Proper Nesting of Start and End Tags
No overlapping of start and end tags from different elements is
permitted. Although this might seem like an obvious requirement,
HTML as implemented by major browsers is considerably more
forgiving and recovers for improper tag overlap. Correct nesting
looks like this:
<OuterElement>
<InnerElement>inner content</InnerElement>
</OuterElement>
An example of improper nesting is:
<OuterElement>
<InnerElement>inner content</OuterElement>
</InnerElement>
Believe it or not, most browsers recover from this type of error
in HTML, but they cannot and will not in XML or any language based
on XML syntax. The improper nesting example results in either one
or two fatal errors, with a message similar to this (depending on
the parser):
Fatal error: end tag '</OuterElement>' does not match start tag. Expected
'</InnerElement>'
Fatal error: end tag '</InnerElement>' does not match start tag. Expected
'</OuterElement>'
Parent, Child, Ancestor, Descendant
The notion of the root element and the proper nesting rules leads
us to some conclusions and terminology about the hierarchy of
elements that are invariant across all XML documents.
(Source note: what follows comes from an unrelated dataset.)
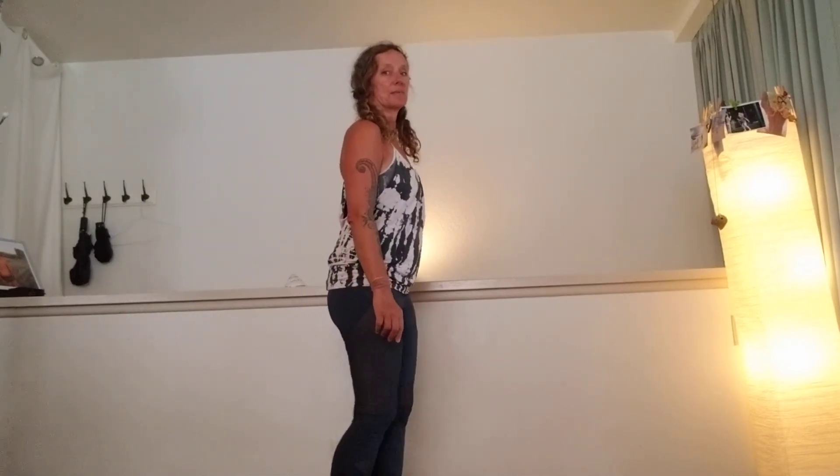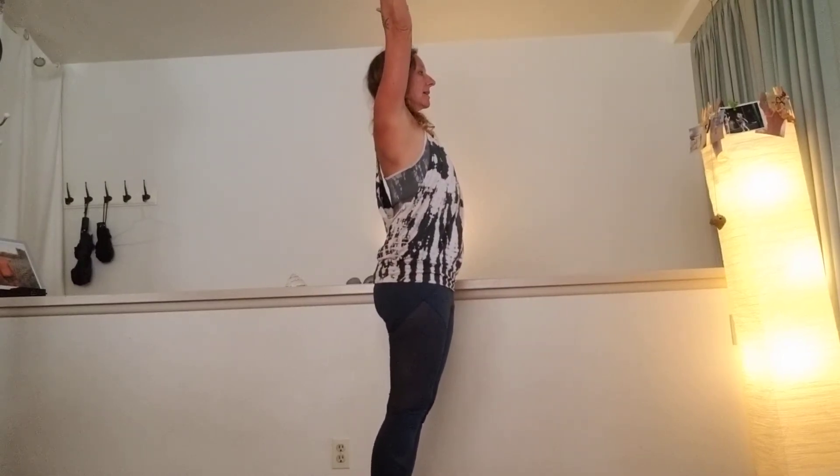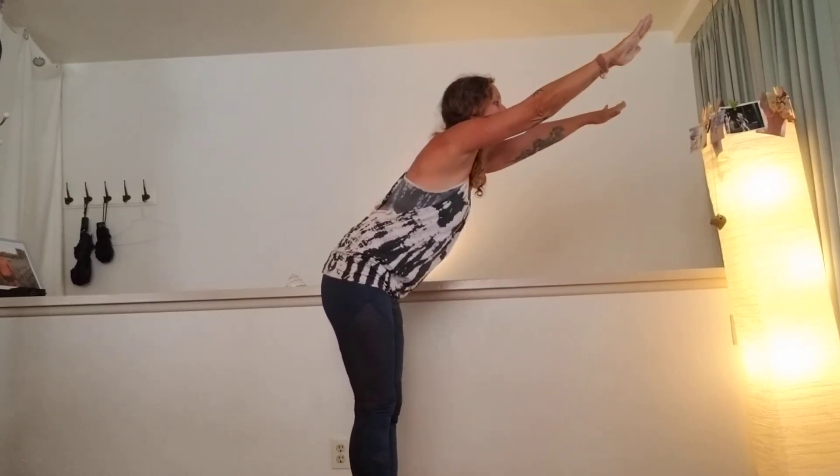A couple of sun salutations: inhale, raise your arms up over the head; exhale, forward fold with your spine long — spine long, not rounded. If that's too hard, bring the arms forward or out along the body. You can bend your knees to make this easier. Hands next to the feet; inhale, step the right leg back and look up. Come to a plank pose and exhale — knees, chest, chin down.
The terms
ancestor and descendant are not used in the XML 1.0 Recommendation,
but they certainly are in the DOM, XSLT, XPath, and so on.
-
An element is a child of exactly one parent, which is the element
that contains it.
-
A parent may have more than one child.
-
Immediate children and also children of a child are descendants
of the parent.
-
An element is an ancestor of all its descendants.
-
The root is the ancestor of all elements.
-
Every element is a descendant of the root.
-
Every element has exactly one parent, except the root, which has
no parent.
Attribute Values Must Be Quoted
In HTML (but not in XHTML), we are permitted to be inconsistent
in the use of quotation marks to delimit the values of attributes.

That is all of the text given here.